Sidenote: The SIGHASH type is added before the transaction is signed, it can’t be edited afterwards.

In most wallets, you don’t have the option to modify SIGHASH flags. The standard is 0x01. There are special-purpose bitcoin applications which they come in handy.

New Proposals have been made, like Bitmask Sighash Modes, to expand the SIGHASH system.

ECDSA Math

Now, we look at the FSig function in more detail.

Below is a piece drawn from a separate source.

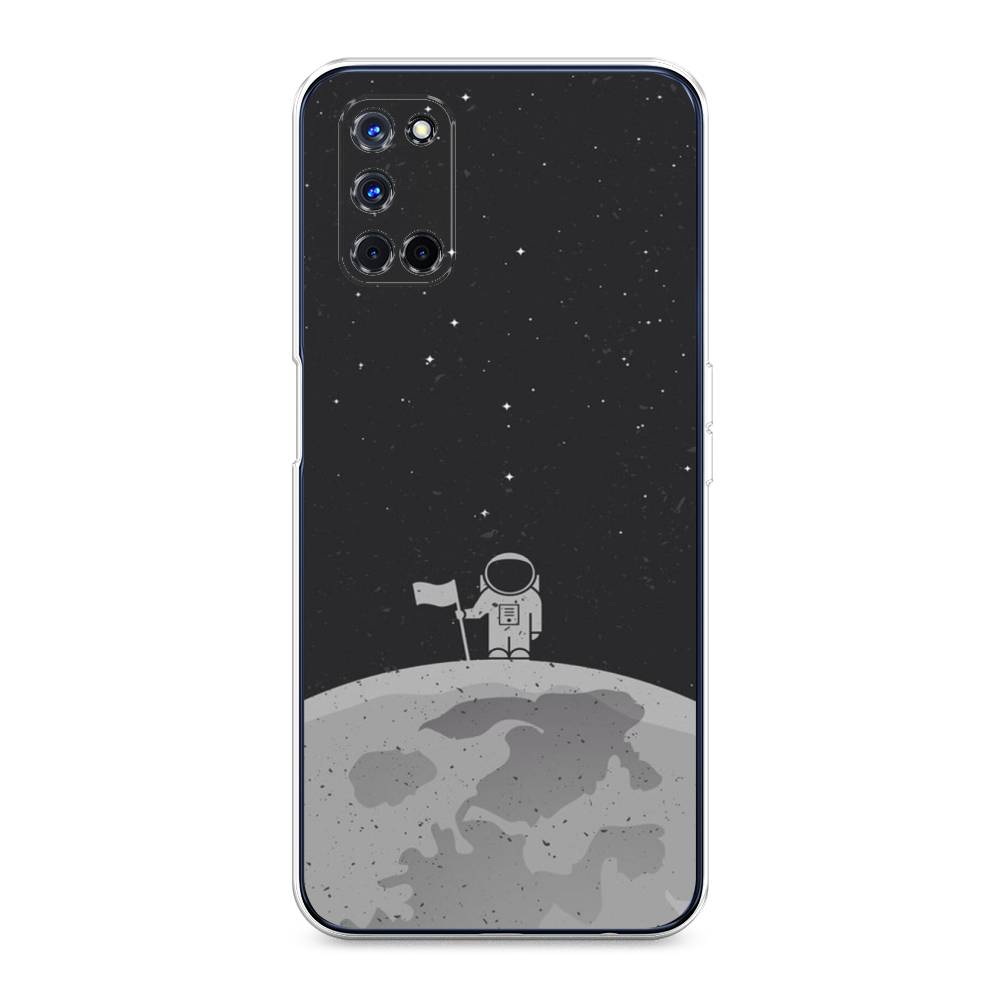 

Чехол Awog "Первый на Луне" для Oppo A52, Разноцветный, 253150-4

To calculate the R and S values, the algorithm first generates an ephemeral key pair. This temporary key pair is based on a random number k (private key) which we use to get the public key (P):

P =  k * G
  • G is the elliptic curve generator point

Next, we calculate the S value of the Signature:

S = k-1 (Hash(m) + dA * R) mod n
  • k is the ephemeral private key
  • R is the x coordinate of the ephemeral public key
  • dA is the signing private key
  • m is the transaction data
  • n is the prime order of the elliptic curve

For verification, we calculate backwards to get the ephemeral public key P:

P = S-1 * Hash(m) * G + S-1 * R * Qa

where:

  • R and S are the signature values
  • Qa is Alice’s public key
  • m is the transaction data that was signed
  • G is the elliptic curve generator point

If the x coordinate of the calculated point P is equal to R, then the verifier can conclude that the signature is valid.

Warning:

The value of k is not important, as long it’s not used twice. Otherwise, the signing private key can be calculated.

To avoid this vulnerability, we use the industry-standard algorithm which is defined in RFC 6979. Instead of a random number generator, this takes the transaction data to create a random number based on a deterministic-random process

This prevents the risk of using the same random number k twice.